Mr. Davis Has Left the Building


     Readers of this column will have noticed that over the last months, instead of offering my typical fare of marginally insightful commentary on crows or the challenging climate, on the vagaries of the writing life or what falls out when you shake a family tree, I’ve instead conducted interviews with writers who are meeting their deadlines and publishing actual books. 
     Maybe you’ve assumed that I’ve been so engrossed in the byline-touted novel I have in the works that I’ve hardly had time to come up for air, creatively speaking.  Any minute now, you might have surmised, the bugles will blare, announcing the soon-to-be-released opus by yours truly.
     Yeah, I didn’t think you’d buy that.
     I have made progress. And I do think this manuscript will see the light of day, preferably while I’m still above ground and can see it as well. But nearly nine years have passed since the publication of my memoir, and nine years might as well be ninety in the publishing world. And to come out with a “debut” novel at this age or older is ridiculous, isn’t it?  It’s a little late to become an overnight success.
    So I’ve been thinking about transitions lately, and about re-evaluating the meaning of success at a point when it’s not so easy.  In your 50s, the supports propping up the foundations of life are deeply cemented into place. The goalposts were established long ago.  The ruts are deeply entrenched as well.  Any sort of upheaval or extrication -- career or otherwise, even of a mindset -- won’t be simple or pretty. 
      Why should that matter?
      Mr. Davis had taught junior high science in lower Delaware for many years, and he was ready to retire. A big man, tall and broadly built, sporting a crew cut I recall a vibrant dark red in my mind’s eye -- for I can picture him fairly clearly, all these years gone by – Mr. Davis was a benevolent dictator in the science lab, ruling over a land of Bunsen burners, dissecting trays, and all too breakable flasks and beakers set out neatly atop high slate-gray workstations.  

Not Mr. Davis

    No stretch of the imagination grants me a scientific mind. But I loved Mr. Davis and enjoyed his class.
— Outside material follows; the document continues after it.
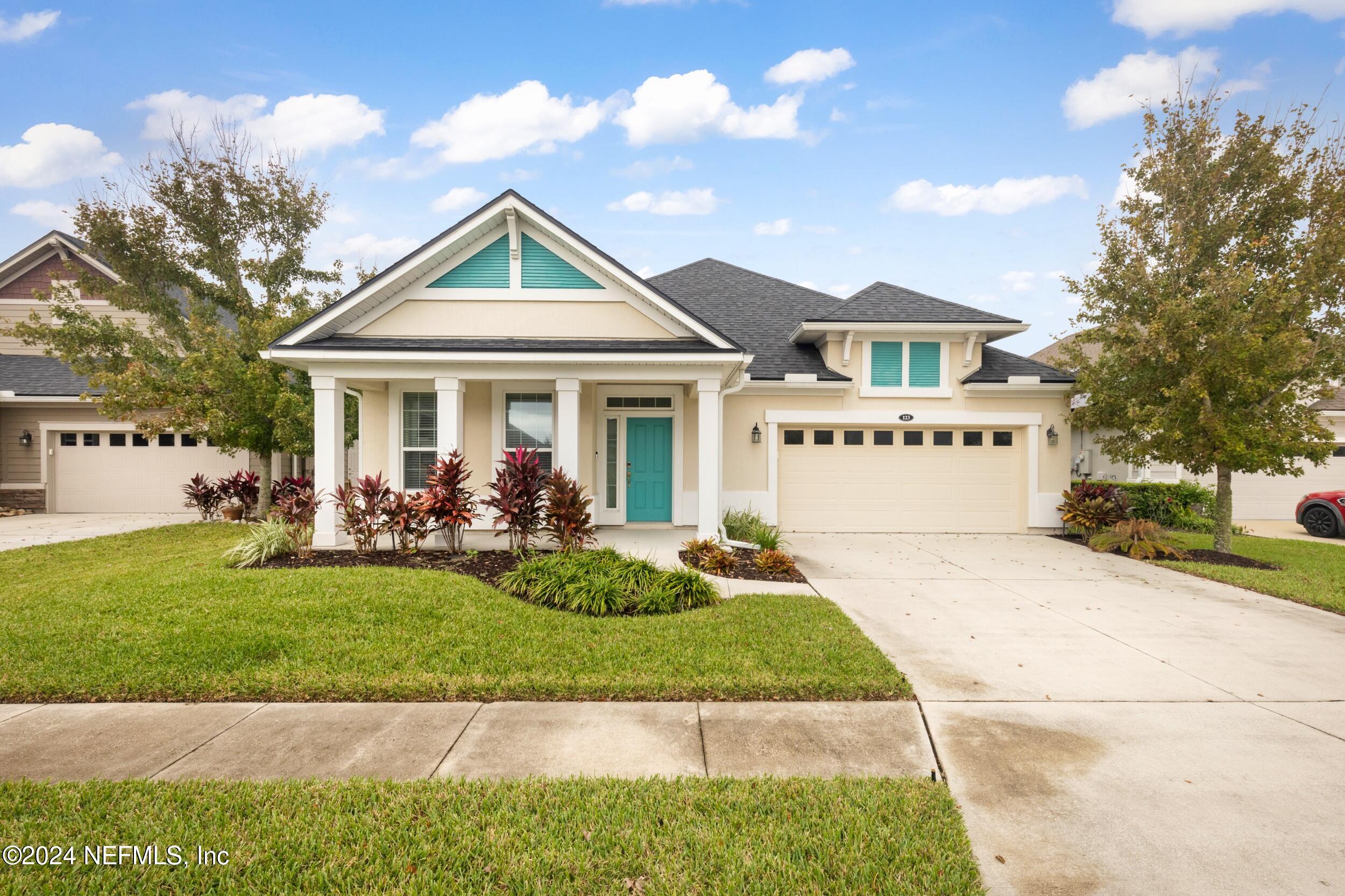 a view of a house with a yard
It helped of course that my boyfriend, Kenny, was also enrolled.
     Kenny had a striking resemblance to Steve Martin, who was then the standup guy with the arrow through his head, and made the most of it, reciting for my amusement long excerpts from Martin’s and George Carlin’s routines.  He was all around terrific, and knew that a shared sense of humor forged a stronger bond than the clunky ID bracelet he’d given me, which I wore faithfully around my left wrist.
     “You gotta laugh,” my mother used to say, especially when times were tough.  Laughter is vital.
     That last year in Mr. Davis’s class, during those final weeks, the windows were open wide to the balmy mid-Atlantic late spring air. His instruction was equally breezy and warm; I can’t say I recollect the slightest anxiety about exam preparations or assignment deadlines.
     But I remember the still. 
     The distillation assembly, that is, of burners and beakers and tubing, set up along a wall, perhaps not in the classroom proper.  A long storage closet comes to mind.  A prior fermentation process took a while, I seem to recall.  This was a veritable project.
    We were allowed to sample the end result.  Just how much we tasted, I’m not sure. A tablespoon? A dram? My small sip carried with it an unpleasant rubber tubing aspect along with the burn on the tongue.  I was unimpressed, but it was great fun to be in the thick of the moonshiners.

Not Kenny

   The memories are blurry, fused as they are with Kenny’s rendition of Carlin’s Wonderful WINO and the acute longing to be set free from the monotonous cage of junior high.  But the mood is clearly etched in my mind: joyful, effortless.  A happy anticipation of what was to come. We were riding the tailwind of a powerful locomotive into the carefree summer months.
     Of course, it did occur to me that there was something mildly verboten about it all. Something askew in Mr. Davis’s management of his classroom at the end of that school year, in the jettison of rules and requirements, in his relaxed oversight of the growth of young intellects and curiosities.
     Mr. Davis, I’ve recently come to realize, didn’t give a flying fuck.
     There’s something to be said for not giving a flying fuck. For not being (overly) concerned with expectations and appearances, with foundations, with upsetting the less than satisfactorily full applecart. It can take some time for a person to realize this as well.
     Which is clearly not to say I advocate passing around a bottle of gin during study hall or condone the teaching of basic bootlegging to teenagers.  But I get Mr. Davis now in a way I did not then.  

Also Not Mr. Davis.

     A gift my father received upon his retirement from teaching junior high English for twenty years or so comes to mind: a Johnny Paycheck album.  You know the one.
     My father and mother eventually sold our farmstead – we raised chickens and sheep -- in Sussex County, moved to the coast of Maine, and enjoyed many years as antique dealers, buying and selling highly collectible porcelain and paintings through auction houses such as James D. Julia’s, Bourne’s, and Christie’s East.
    I don’t know what became of my science teacher, and Kenny’s family moved away that summer.  I’ve imagined good things for both of them: lots of laughter in any household Kenny called home. And there was certainly no rocking chair for Mr. Davis.
     Fitzgerald was wrong.
     Maybe it’s okay to take a decade to write a novel after all.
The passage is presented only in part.